A curious field of speculation, on this sanative power in the physical constitution of man, lies open to out view, had we time to pursue it, in contemplating the habits, customs, and manners of the North American Indian. Guided by the simple dictates of nature, he gratifies his appetite with such food as comes most readily within his reach, and slakes his thirst at the first mountain brook. Sometimes, for days, he lies sleeping in his smoky wigwam without the means of appeasing hunger; then rises and follows his game with the fierceness of a tiger, until the object of his pursuit is overtaken; after which, with the voracity of a dog, he loads his stomach with food sufficient to satisfy the cravings of nature, for as many days as he had previously fasted, and again betakes himself to sleep and inactivity. With all this irregularity, he is a total stranger to lingering complaints, and to that numerous as well as fashionable class of diseases denominated "Nervous." That formidable ailment, Dyspepsia, which, like a fiend, has, for the last few years pervaded the whole land, is unknown to the Indian; having its origin in the abuses introduced by civilization and refinement. But to return:

Suppose, for the sake of argument, that a man who daily uses tobacco, enjoys equal health with one who uses none, and is no more liable to disease; let him once be attacked by disease, and then it will be far more difficult to remove it, than to do so in one free from such habit.

This will appear from the following considerations[:]

Remedial agents ordinarily act on the system, by exciting the living power through the medium of the nerves; hence when these have long been deadened by the habitual use of any narcotic, common sense, aside from the lights of science and philosophy, would teach us the difficulty of making an impression on a system whose nerves had thus been previously paralyzed.

Perhaps the man, who daily drinks ardent spirit, may, from the greater insensibility of his system, in some cases escape sickness as long as the most temperate, (though this is by no means a common fact); yet, let disease once commence, and then we learn, by painful experience, the disadvantage of having broken down the nervous system by needless and vicious excess.

Tobacco is acknowledged to be one of the most deadly of the vegetable narcotics: yet experience proves that the nerves, by habit, become so accustomed to its stimulus, that it in a great measure loses its power.
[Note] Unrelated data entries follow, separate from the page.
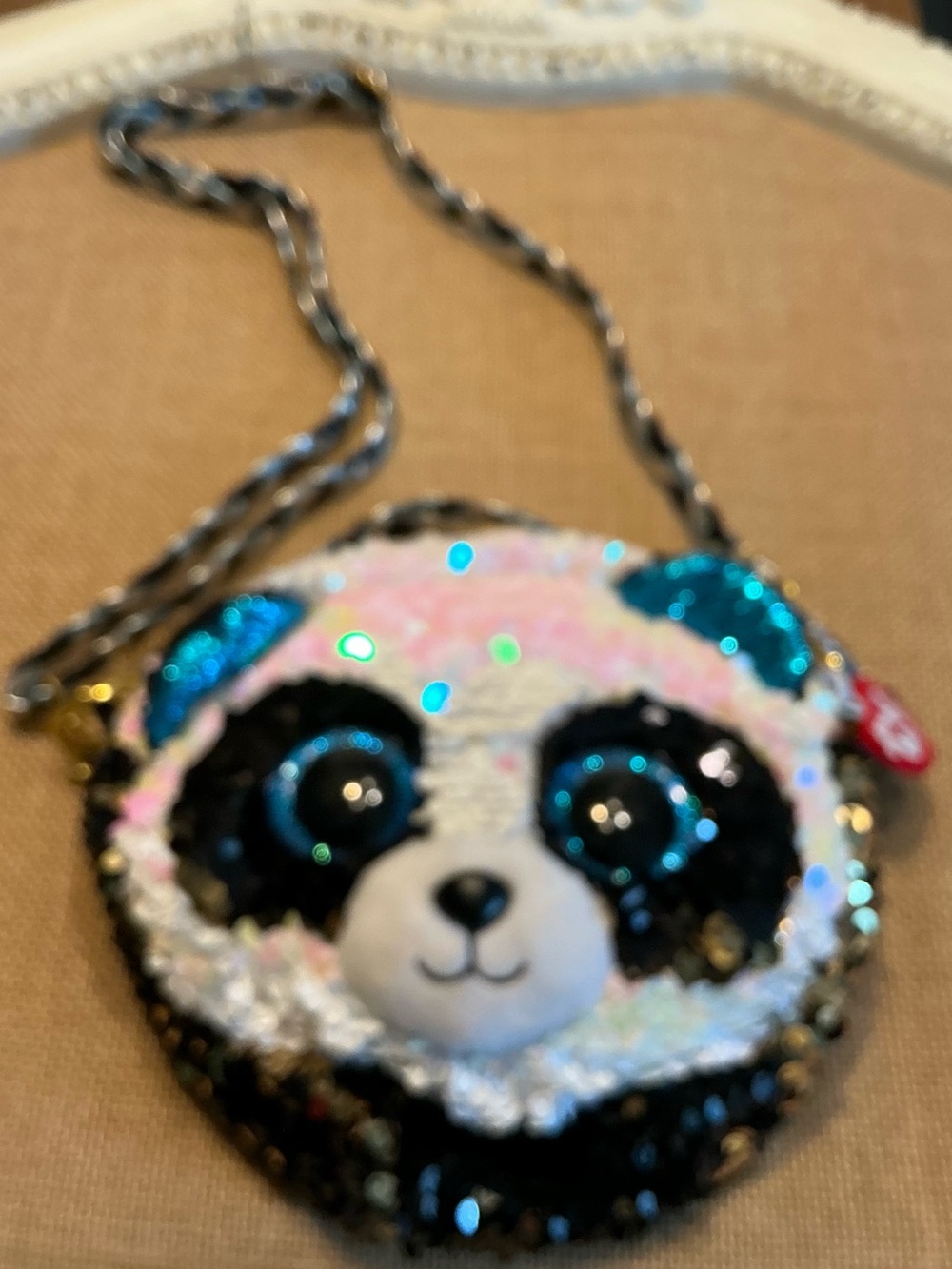 Ty Sequin Panda Crossbody Bag - Pink, Black, Blue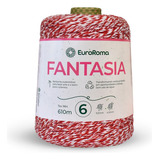 Barbante Color Fantasia 4/6 600 Grs Cores Diversas-euroroma Cor Branco E Vermelho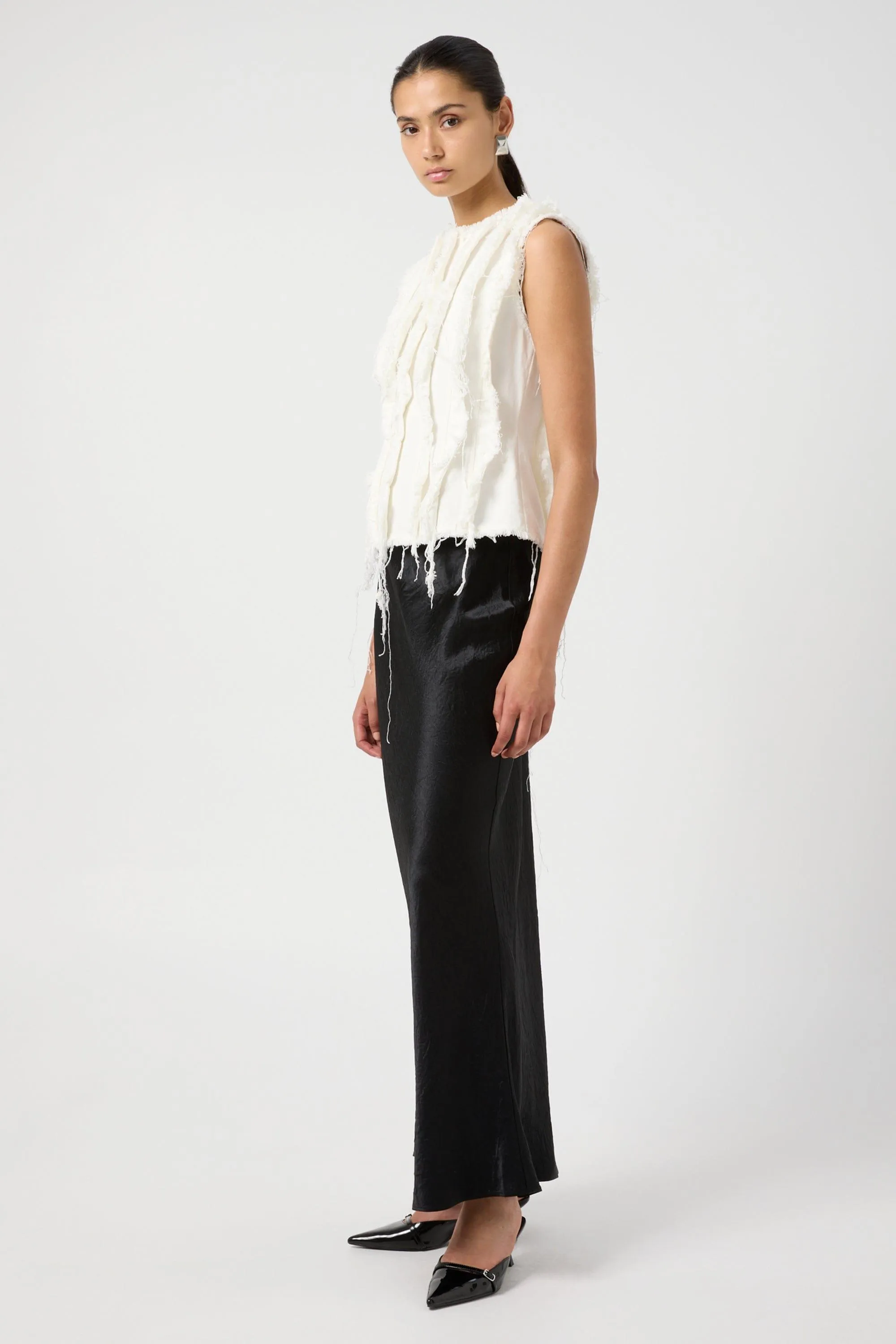 SENSES DENIM TANK | WHITE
How then can we hope with ordinary remedies to make an impression, when even this powerful agent has itself lost its proper and natural effect?

The unparalleled mortality of the great epidemic of 1812 and 1813, was in a good measure owing to the immense quantities of ardent spirit consumed by the victims of that fatal malady. In the town in which I then resided, about forty adults died in the course of the winter and spring; and most of those were in the habit of using ardent spirit freely. And though numbers of temperate persons were attacked, yet many of these recovered; while every instance within my knowledge, where an intemperate person was attacked with this formidable disease, it proved fatal.

The ravages of the cholera in India and Persia, since 1816: and in the North of Europe, for the last eighteen months; settle the point in question beyond reasonable doubt. In one hundred cases where the cholera proved fatal, ninety of them had been in the liberal use of ardent spirit. And this fact should be carefully noted, when this formidable disease has reached Great Britain, and threatens us with its visitation.

If then the habitual use of alcohol, by exhausting the nervous energy, predisposes the system to disease, and at the same time renders the disease, when it has commenced, so much more intractable; what shall be said of the common use of tobacco, which is allowed by all to be a still more deadly poison, and of course must exhaust the power of the nerves in a proportionate degree?

A female, aged 27 years, was attacked in December 1829 with a sore mouth, accompanied with diarrhœa and profuse salivation. These complaints continued to increase, notwithstanding the application of a variety of remedies, prescribed by her medical attendant, until the 5th of March following, when I was called to take charge of the patient. She was much emaciated. The discharge from the bowels continued unabated, and was often attended with severe pain and great prostration of strength. The salivation was accompanied with a burning or scalding sensation in the mouth and stomach, which proved excessively irritating to the patient, as well as perplexing to me. On examining her case, I found the nervous system entirely deranged and much broken by the habit of smoking, which she had practiced to great excess from the age of eleven years. I learned, to my surprise and regret, that she commenced this habit, which afterwards cost her so much suffering, by the advice of some wise member of the Faculty, who had prescribed it for some slight derangement of the stomach.